▶ [WORK ORDER]: Find the line in the material below that contains "[HOT!】 20S L", then give it again, with all later lines, exactly as shown.

** INFORMATION PROVIDED follows **

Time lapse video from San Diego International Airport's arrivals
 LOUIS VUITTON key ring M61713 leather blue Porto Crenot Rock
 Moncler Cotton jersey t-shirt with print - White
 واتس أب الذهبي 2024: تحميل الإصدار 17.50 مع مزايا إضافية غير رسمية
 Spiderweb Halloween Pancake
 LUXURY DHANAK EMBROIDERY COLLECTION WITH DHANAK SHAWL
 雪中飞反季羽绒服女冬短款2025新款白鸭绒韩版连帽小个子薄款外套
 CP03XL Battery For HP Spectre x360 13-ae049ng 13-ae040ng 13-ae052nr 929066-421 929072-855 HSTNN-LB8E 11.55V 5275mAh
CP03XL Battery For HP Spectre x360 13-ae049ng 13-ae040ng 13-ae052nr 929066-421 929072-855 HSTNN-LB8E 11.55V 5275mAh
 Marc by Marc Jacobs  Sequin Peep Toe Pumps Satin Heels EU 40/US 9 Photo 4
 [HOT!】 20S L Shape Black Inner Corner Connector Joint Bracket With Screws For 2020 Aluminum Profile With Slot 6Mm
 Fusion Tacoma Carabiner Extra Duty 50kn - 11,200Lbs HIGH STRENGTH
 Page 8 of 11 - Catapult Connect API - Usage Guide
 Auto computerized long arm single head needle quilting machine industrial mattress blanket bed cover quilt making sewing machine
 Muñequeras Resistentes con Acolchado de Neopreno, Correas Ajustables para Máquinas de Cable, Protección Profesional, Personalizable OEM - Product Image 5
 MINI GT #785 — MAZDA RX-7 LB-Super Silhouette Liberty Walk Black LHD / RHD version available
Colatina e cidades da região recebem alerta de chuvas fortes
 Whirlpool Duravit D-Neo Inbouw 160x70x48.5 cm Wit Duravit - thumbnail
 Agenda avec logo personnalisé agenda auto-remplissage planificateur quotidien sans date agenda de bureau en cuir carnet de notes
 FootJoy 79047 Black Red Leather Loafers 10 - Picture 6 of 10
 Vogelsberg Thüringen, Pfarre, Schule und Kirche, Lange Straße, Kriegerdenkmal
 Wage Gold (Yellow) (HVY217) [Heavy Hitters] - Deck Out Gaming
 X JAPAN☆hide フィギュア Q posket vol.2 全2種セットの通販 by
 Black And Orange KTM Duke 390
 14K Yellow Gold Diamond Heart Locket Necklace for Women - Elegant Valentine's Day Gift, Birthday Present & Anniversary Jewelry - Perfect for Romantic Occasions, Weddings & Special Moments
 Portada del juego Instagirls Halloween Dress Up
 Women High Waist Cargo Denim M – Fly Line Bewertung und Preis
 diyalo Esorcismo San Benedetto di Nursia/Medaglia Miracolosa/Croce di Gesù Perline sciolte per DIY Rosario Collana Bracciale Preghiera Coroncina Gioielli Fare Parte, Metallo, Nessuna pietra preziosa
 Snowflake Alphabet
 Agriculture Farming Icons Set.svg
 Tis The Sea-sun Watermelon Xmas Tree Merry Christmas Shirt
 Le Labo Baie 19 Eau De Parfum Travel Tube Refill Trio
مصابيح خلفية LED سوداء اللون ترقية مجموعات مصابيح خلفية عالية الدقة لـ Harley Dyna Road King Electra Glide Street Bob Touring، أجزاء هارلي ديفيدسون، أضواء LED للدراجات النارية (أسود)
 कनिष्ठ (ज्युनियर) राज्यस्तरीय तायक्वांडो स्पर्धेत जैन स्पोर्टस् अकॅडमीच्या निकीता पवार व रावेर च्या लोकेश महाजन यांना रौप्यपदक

** End of INFORMATION PROVIDED **

▶ [YOUR RESPONSE]:
 [HOT!】 20S L Shape Black Inner Corner Connector Joint Bracket With Screws For 2020 Aluminum Profile With Slot 6Mm
 Fusion Tacoma Carabiner Extra Duty 50kn - 11,200Lbs HIGH STRENGTH
 Page 8 of 11 - Catapult Connect API - Usage Guide
 Auto computerized long arm single head needle quilting machine industrial mattress blanket bed cover quilt making sewing machine
 Muñequeras Resistentes con Acolchado de Neopreno, Correas Ajustables para Máquinas de Cable, Protección Profesional, Personalizable OEM - Product Image 5
 MINI GT #785 — MAZDA RX-7 LB-Super Silhouette Liberty Walk Black LHD / RHD version available
Colatina e cidades da região recebem alerta de chuvas fortes
 Whirlpool Duravit D-Neo Inbouw 160x70x48.5 cm Wit Duravit - thumbnail
 Agenda avec logo personnalisé agenda auto-remplissage planificateur quotidien sans date agenda de bureau en cuir carnet de notes
 FootJoy 79047 Black Red Leather Loafers 10 - Picture 6 of 10
 Vogelsberg Thüringen, Pfarre, Schule und Kirche, Lange Straße, Kriegerdenkmal
 Wage Gold (Yellow) (HVY217) [Heavy Hitters] - Deck Out Gaming
 X JAPAN☆hide フィギュア Q posket vol.2 全2種セットの通販 by
 Black And Orange KTM Duke 390
 14K Yellow Gold Diamond Heart Locket Necklace for Women - Elegant Valentine's Day Gift, Birthday Present & Anniversary Jewelry - Perfect for Romantic Occasions, Weddings & Special Moments
 Portada del juego Instagirls Halloween Dress Up
 Women High Waist Cargo Denim M – Fly Line Bewertung und Preis
 diyalo Esorcismo San Benedetto di Nursia/Medaglia Miracolosa/Croce di Gesù Perline sciolte per DIY Rosario Collana Bracciale Preghiera Coroncina Gioielli Fare Parte, Metallo, Nessuna pietra preziosa
 Snowflake Alphabet
 Agriculture Farming Icons Set.svg
 Tis The Sea-sun Watermelon Xmas Tree Merry Christmas Shirt
 Le Labo Baie 19 Eau De Parfum Travel Tube Refill Trio
مصابيح خلفية LED سوداء اللون ترقية مجموعات مصابيح خلفية عالية الدقة لـ Harley Dyna Road King Electra Glide Street Bob Touring، أجزاء هارلي ديفيدسون، أضواء LED للدراجات النارية (أسود)
 कनिष्ठ (ज्युनियर) राज्यस्तरीय तायक्वांडो स्पर्धेत जैन स्पोर्टस् अकॅडमीच्या निकीता पवार व रावेर च्या लोकेश महाजन यांना रौप्यपदक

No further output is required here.